Por outro lado, diz, “o regime de endividamento das autarquias que está em vigor também não nos permite avançar com a construção de habitação”. “Só o podemos fazer se for através de empresas municipais”. O caminho que defende é o da “construção de habitação pública, por parte dos municípios, mas para isso é necessária a revisão da Lei dos Solos e da Lei das Finanças Locais”. “Para além disto, a Europa também precisa de se organizar para poder facilitar o endividamento junto das famílias. Se conciliarmos estas três vertentes: terrenos, o público a fazer a sua própria construção e financiamento europeu para a habitação conseguimos ter uma taxa de esforço mensal na ordem dos 500 euros (que, para 2 pessoas numa casa, representaria uma taxa de esforço de 25 por cento se pensarmos que o salário mínimo está a chegar aos 1.000 euros)”.

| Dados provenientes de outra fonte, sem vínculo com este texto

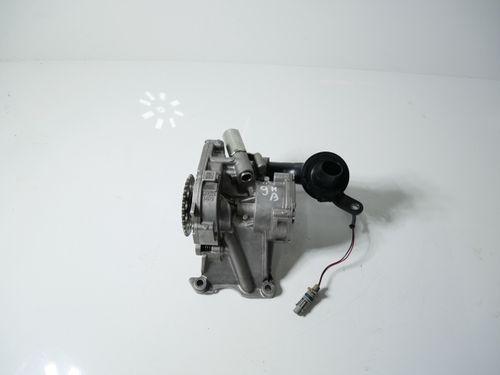 Pompe à huile pour Jaguar E-Pace XE 2,0 D 204DTY M4D3-6L079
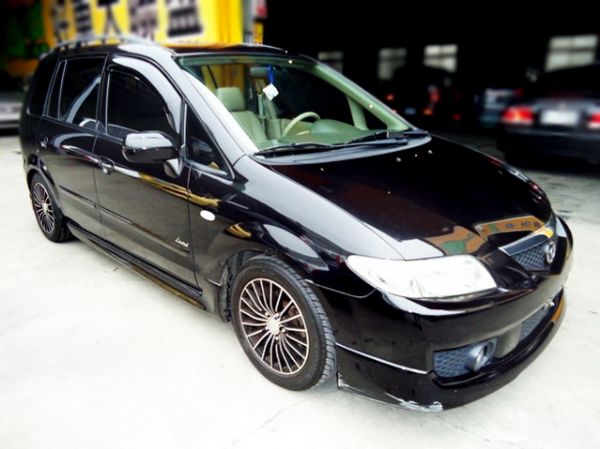 【高鐵汽車】2002 馬自達MAZDA  照片1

A finalizar o painel de convidados foi a vez de Carlos Baía, da Câmara Municipal de Faro e vogal do Conselho Diretivo da Associação Portuguesa de Habitação Municipal. O vereador deixou algumas notas. Uma referente ao PRR, falando “em desilusão” a respeito deste Programa porque num primeiro momento falou-se na construção de 26 mil casas, depois percebeu-se que, ainda assim, seriam insuficientes para dar resposta às necessidades, acrescendo a burocracia dos processos, os prazos de execução estipulados no PRR (muito curtos), a falta de know how das equipas das autarquias e um outro factor que prejudicou alguns municípios, a concorrência, uma vez que as empresas de construção foram chamadas para dar resposta a outros setores como a saúde, o sector social ou a educação. “Vamos, infelizmente, ficar muito aquém do objetivo inicial e o desafio agora é perceber o que é que podemos fazer. A verdade é que quando se implementam medidas de âmbito nacional de forma cega percebemos que a sua eficácia não é aquela que se gostaria porque é preciso perceber que o Algarve tem características muito próprias em relação ao resto do país, e por essa razão devemos saber reivindicar medidas territorializadas”, referiu. Existe, na região, um défice histórico no que diz respeito a construção de habitação municipal e, ao contrário do resto do país, o Algarve, está a crescer e, portanto, a procura e necessidade de casa tem sido cada vez maior.
Falando mais concretamente da situação de Faro, Carlos Baía referiu que “está em vigor a Estratégia Local de Habitação, revista em 2023 e mais robustecida, que prevê a disponibilização de cerca de 1000 fogos no mercado”. Atualmente Faro tem um parque habitacional de 40 mil fogos, sendo destes 400 de habitação municipal. Para o vereador uma coisa é certa: “O tema da habitação não pode, mesmo, sair da agenda política”.